◆ **TASK BRIEF**:
Below are the records; copy exactly the stretch from the line containing "Hatay'da aydınlatma direğine" through the line containing "Donau-Auen wurde Lebensader", both ends included, and nothing else.

◆ **DATASET RECORDS**:
━━━━━━━━━━━━━━━━━━━━

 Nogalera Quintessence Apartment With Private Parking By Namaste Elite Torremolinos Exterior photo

━━━━━━━━━━━━━━━━━━━━

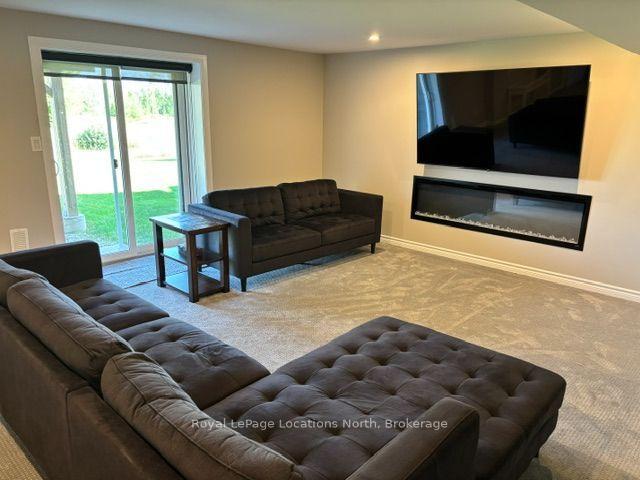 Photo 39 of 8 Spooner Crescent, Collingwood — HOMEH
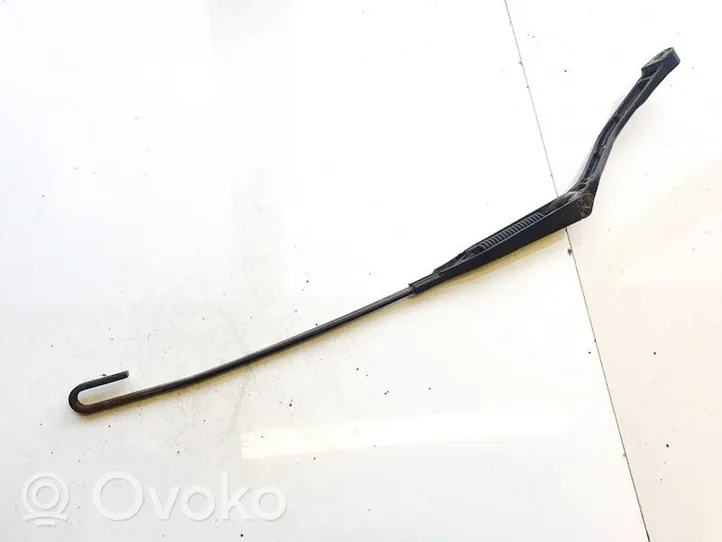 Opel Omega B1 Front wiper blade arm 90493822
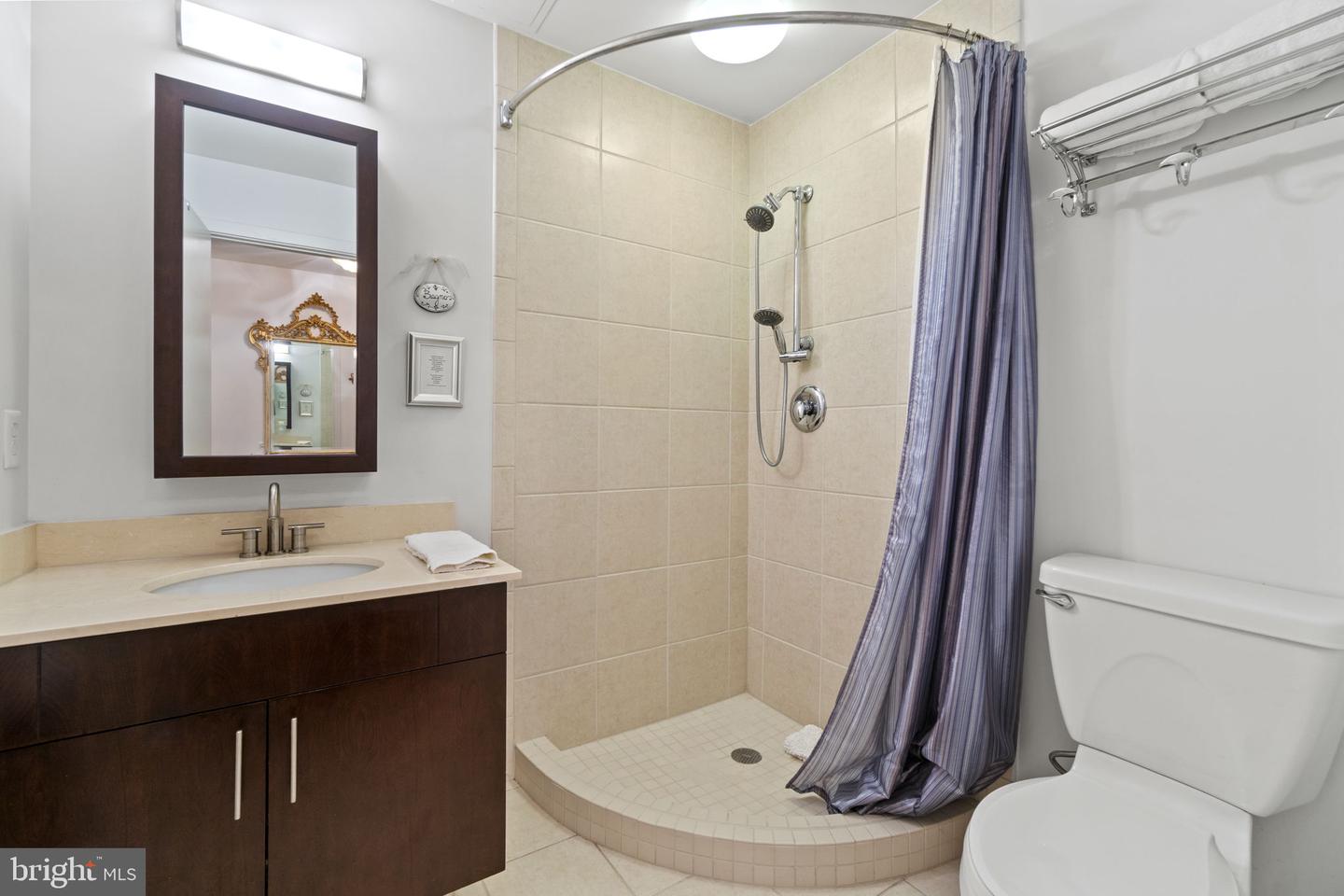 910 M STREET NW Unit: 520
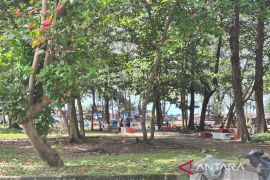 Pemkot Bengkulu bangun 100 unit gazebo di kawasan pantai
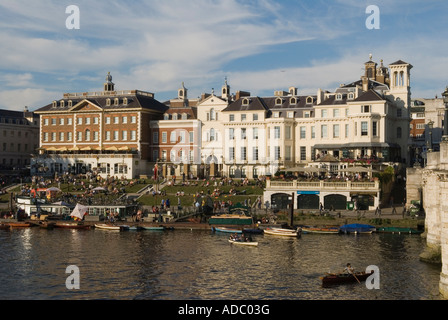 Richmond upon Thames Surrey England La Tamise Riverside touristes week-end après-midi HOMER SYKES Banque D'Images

━━━━━━━━━━━━━━━━━━━━

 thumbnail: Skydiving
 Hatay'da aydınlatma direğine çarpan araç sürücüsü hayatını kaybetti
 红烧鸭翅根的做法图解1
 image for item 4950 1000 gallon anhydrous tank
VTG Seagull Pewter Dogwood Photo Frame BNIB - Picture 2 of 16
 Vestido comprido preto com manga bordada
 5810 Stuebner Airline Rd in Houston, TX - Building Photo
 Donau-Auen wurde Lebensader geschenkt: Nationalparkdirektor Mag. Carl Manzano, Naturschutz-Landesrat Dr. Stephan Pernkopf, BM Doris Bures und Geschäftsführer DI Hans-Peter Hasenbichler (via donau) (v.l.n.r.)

━━━━━━━━━━━━━━━━━━━━

◆ **EXERCISE OUTPUT**:
 Hatay'da aydınlatma direğine çarpan araç sürücüsü hayatını kaybetti
 红烧鸭翅根的做法图解1
 image for item 4950 1000 gallon anhydrous tank
VTG Seagull Pewter Dogwood Photo Frame BNIB - Picture 2 of 16
 Vestido comprido preto com manga bordada
 5810 Stuebner Airline Rd in Houston, TX - Building Photo
 Donau-Auen wurde Lebensader geschenkt: Nationalparkdirektor Mag. Carl Manzano, Naturschutz-Landesrat Dr. Stephan Pernkopf, BM Doris Bures und Geschäftsführer DI Hans-Peter Hasenbichler (via donau) (v.l.n.r.)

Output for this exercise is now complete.